We’re sequencing a bunch of single cell bacterial genomes, and I had like a 1000 genomes we needed to quickly call ORFs on and annotate. I’m using the excellent Prokka software, but I wanted to parallelize it with GNU Parallel. I ended up putting together this series of scripts (based off instructions here) to eventually make it work with our SLURM scheduler. If you know a better way to do this lemme know!

While I’m at it some useful links for GNU Parallel


#!/usr/bin/env bash


qpath=$(find ${rawnucl} -name ${1}.fna)

prokka \
--addgenes \
--kingdom Bacteria \
--outdir ${odir}/${1} \
--genus Marine_Heterotroph \
--species ${1} \
--locustag ${1} \
--prefix ${1} \
--cpus 20 ${qpath}

prokka.hets.sh is the shell script that will be parallelized. The cool thing is that you can run multi-threaded tasks using this techniqe. For example I’m running Prokka using 20 cores per job. GNU Parallel can cleverly handle available resources such that multi-threaded tasks can be parallelized across multiple nodes. More on that below…

Of note: $1 is arg1:{1} from parallel.


#!/usr/bin/env bash

#SBATCH --time=04:00:00
#SBATCH --nodes=10
#SBATCH --ntasks-per-node=1
#SBATCH --cpus-per-task=20
#SBATCH --exclusive

srun="srun --exclusive -N1 -n1 -c$SLURM_CPUS_PER_TASK"

parallel="parallel --delay .2 -j $SLURM_NNODES --joblog runtask.log --resume -a ${2}"

${parallel} "${srun} ./${1}"

Call this script as:

sbatch parallel.sh prokka.hets.sh ids.txt

Where prokka.hets.sh is the script above and ids.txt is a file containing ids (1 per line) of the nucleotide scaffolds that Prokka is to annotate.
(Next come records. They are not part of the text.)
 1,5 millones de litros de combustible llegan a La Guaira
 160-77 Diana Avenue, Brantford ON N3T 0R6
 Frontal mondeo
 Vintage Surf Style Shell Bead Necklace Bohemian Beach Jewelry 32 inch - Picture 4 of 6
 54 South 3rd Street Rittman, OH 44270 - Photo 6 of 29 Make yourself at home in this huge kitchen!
We use srun to execute the script prokka.hets.sh. The -c$SLURM_CPUS_PER_TASK instructs srun to allocate 20 CPUs to each instance of Prokka that runs. The –exclusive flag does not let Prokka share nodes with other running jobs and -N1 -n1 mandates that the 20 CPUs be dedicate to a single task (-n1) or a single instance of Prokka that is operating on a single node (-N1). These commands ensure that each Prokka task is confined to running on the 20 cpus residing on a single node.

For the parallel command –delay .2 prevents overloading the controlling node, -j is the number of tasks parallel runs so but instead of $SLURM_NTASKS we want to use $SLURM_NNODES to tell parallel how many jobs to start. –joblog makes parallel create a log of tasks that it has already run and –resume makes parallel use the joblog to resume from where it has left off. The combination of –joblog and –resume allows jobs to be resubmitted if necessary and continue from where they left off. -a ids.txt is an option for parallel that allows it to use ids.txt as input source rather than arguments from the command line passed by ::: which is quite useful if your input doesn’t neatly follow some shell expansion or something…

We finally run the parallel command and prokka.hets.sh should be able to use the 20 cpus per node that we requested with -c20 through srun.